When rpc_clone_client creates a clone, it sets cl_autobind to 0,
and gives the new client a reference to the same cl_xprt as the
original client.

The only effect of cl_autobind is to prevent rpc_force_rebind from
clearing the BOUND flag on ->cl_xprt.
So while a call to rpc_force_rebind on the clone will not clear that
flag, a call on the original client will clear that flag.

So a cloned client can still end up with a ->cl_xprt with the BOUND
flag clear.

So call_bind (which is present in the call trace under the oops) can
find that !xprt_bound, even when the client is a cloned client.

When this happens, ->rpcbind, which is rpcb_getport_clnt, goes BOOM.

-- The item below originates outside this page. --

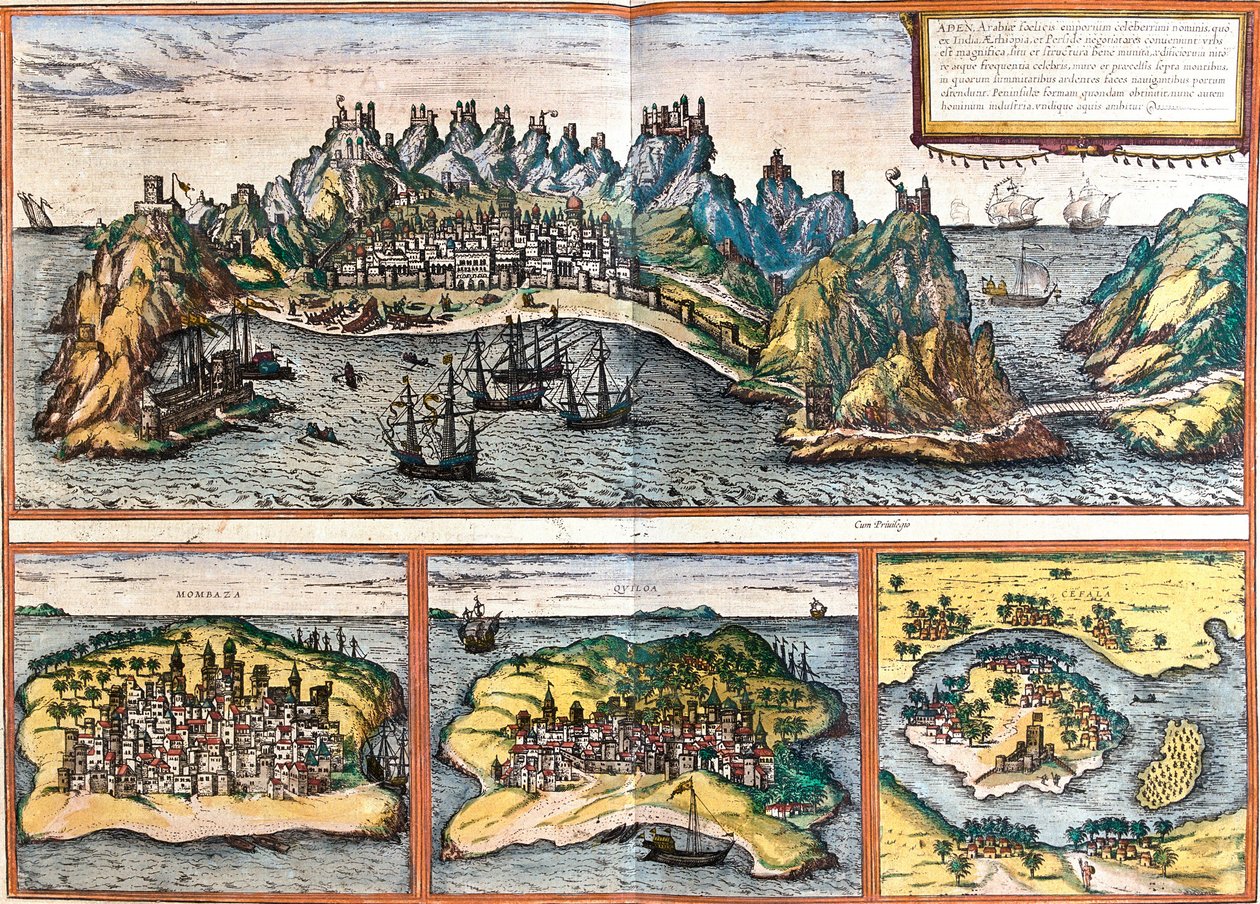 Vistas de Adén (Yemen), Mombasa (Mombaza) (Kenia), Kilwa Kisiwani (Quiloa) (Tanzania) y Cefala Diana (Cefala) (Sicilia, Italia) de Franz Hogenberg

What should happen when a clone client finds that its transport is no
longer bound? Should rpc_getport_async just do
clnt = task->tk_client->cl_parent;
??

Perplexed,
NeilBrown


2008-08-12 20:33:04

by Trond Myklebust

[permalink] [raw]
Subject: Re: Confused about BUG_ON in rpcb_getport_async

On Tue, 2008-08-12 at 12:27 +1000, Neil Brown wrote:
> Hi
> I have a report of a the BUG_ON in rpcb_getport_clnt being
> triggered. This is:
> /* Autobind on cloned rpc clients is discouraged */
> BUG_ON(clnt->cl_parent != clnt);
>
> It looks to me that while they might be discouraged, they are not
> prevented and so having the BUG_ON is wrong.
>
> When rpc_clone_client creates a clone, it sets cl_autobind to 0,
> and gives the new client a reference to the same cl_xprt as the
> original client.
>
> The only effect of cl_autobind is to prevent rpc_force_rebind from
> clearing the BOUND flag on ->cl_xprt.
> So while a call to rpc_force_rebind on the clone will not clear that
> flag, a call on the original client will clear that flag.
>
> So a cloned client can still end up with a ->cl_xprt with the BOUND
> flag clear.
>
> So call_bind (which is present in the call trace under the oops) can
> find that !xprt_bound, even when the client is a cloned client.
>
> When this happens, ->rpcbind, which is rpcb_getport_clnt, goes BOOM.
>
> What should happen when a clone client finds that its transport is no
> longer bound? Should rpc_getport_async just do
> clnt = task->tk_client->cl_parent;
> ??

This shouldn't be a particularly urgent problem, since lockd should
normally be the only thing that needs to use the autobind functionality,
and it does not use cloned clients.

That said, I think that the answer is that cloned clients may indeed use
rpcbind as long as they share the same program number and version as the
parent.
IOW: we should probably rather BUG_ON() calls to rpc_bind_new_program()
if the parent has xprt->cl_autobind set.

Cheers
Trond